Introduction Allergen‐specific immunotherapy (AIT) represents a curative approach for treating allergies. In the tropical and subtropical regions of the world, Blomia tropicalis (Blo t 5 and Blo t 21) is the likely dominant source of indoor allergens. Aim To generate a hypoallergenic Blo t 5/Blo t 21 hybrid molecule that can treat allergies caused by B tropicalis . Methods Using in silico design of B tropicalis hybrid proteins, we chose two hybrid proteins for heterologous expression. Wild‐type Blo t 5/Blo t 21 hybrid molecule and a hypoallergenic version, termed BTH1 and BTH2, respectively, were purified by ion exchange and size exclusion chromatography and characterized by physicochemical, as well as in vitro and in vivo immunological, experiments. Results BTH1, BTH2 and the parental allergens were purified to homogeneity and characterized in detail.
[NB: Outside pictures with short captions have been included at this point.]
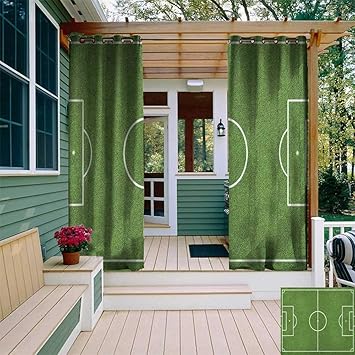 Amazon Com Teen Room Outdoor Patio Curtains Soccer Field Grass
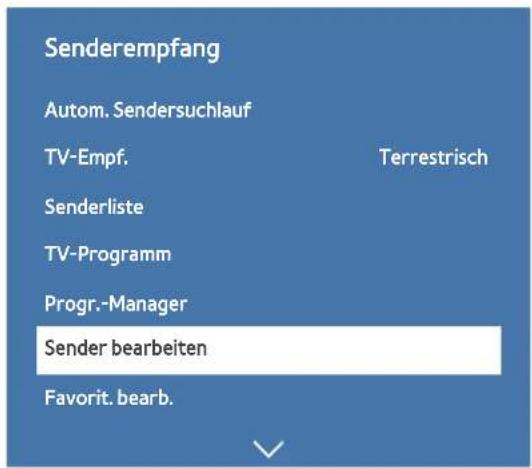 SAMSUNG UE48J5512AK - Verwenden der Funktion „Sender bearbeiten“ - 1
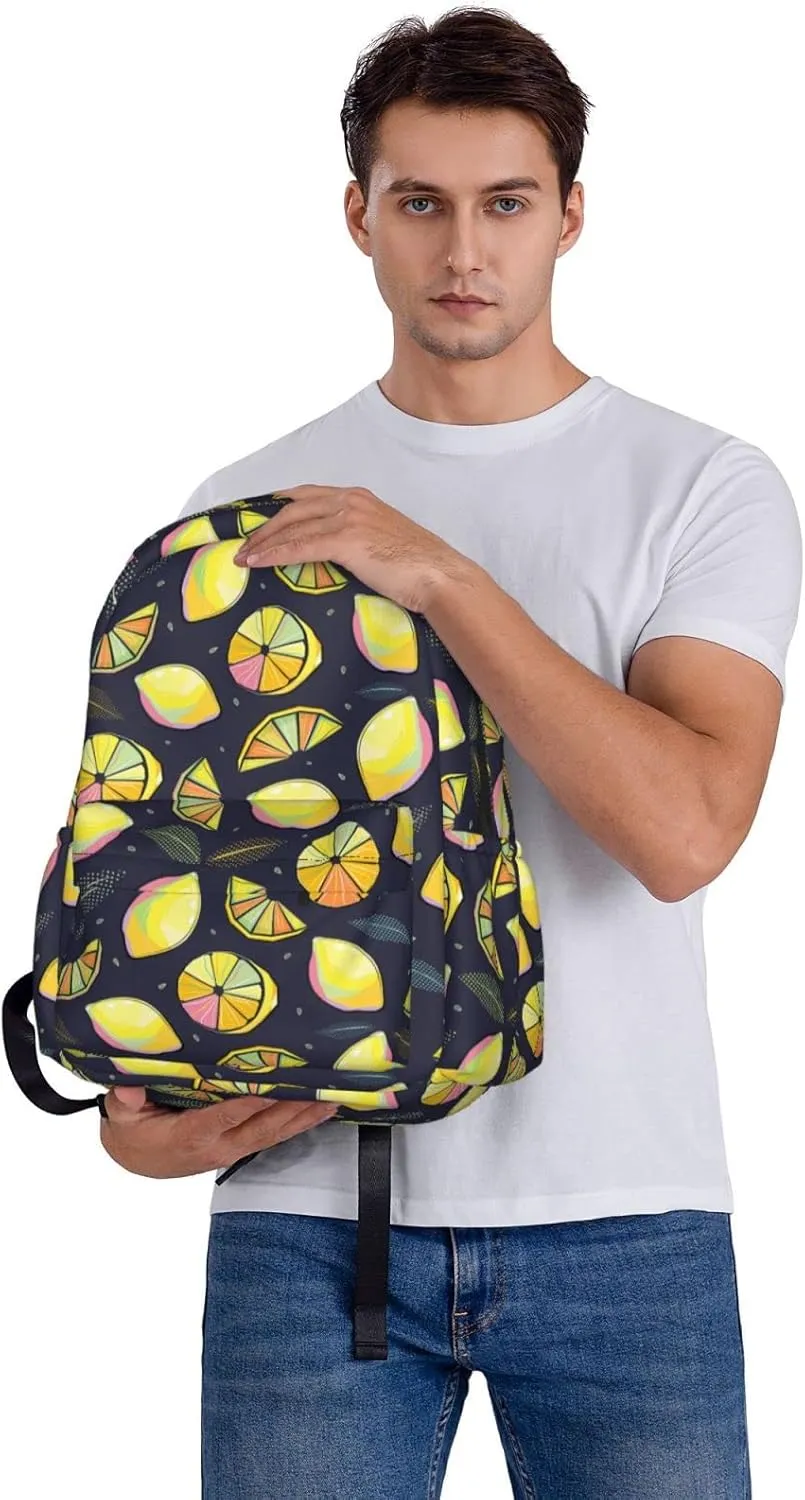 17 inch Backpack Pop Art Lemon Citrus Leaves Laptop Backpack School Bookbag Shoulder Bag Casual Daypack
BTH2 displayed the lowest IgE reactivity that induced basophil degranulation using sera from allergic rhinitis and asthmatic patients. BTH2 essentially presented the same endolysosomal degradation pattern as the shortened rBlo t 5 and showed a higher resistance towards degradation than the full‐length Blo t 5. In vivo immunization of mice with BTH2 led to the production of IgG antibodies that competed with human IgE for allergen binding. Stimulation of splenocytes from BTH2‐immunized mice produced higher levels of IL‐10 and decreased secretion of IL‐4 and IL‐5. In addition, BTH2 stimulated T‐cell proliferation in PBMCs isolated from allergic patients, with secretion of higher levels of IL‐10 and lower levels of IL‐5 and IL‐13, when compared to parental allergens. Conclusions and Clinical Relevance BTH2 is a promising hybrid vaccine candidate for immunotherapy of Blomia allergy. However, further pre‐clinical studies addressing its efficacy and safety are needed.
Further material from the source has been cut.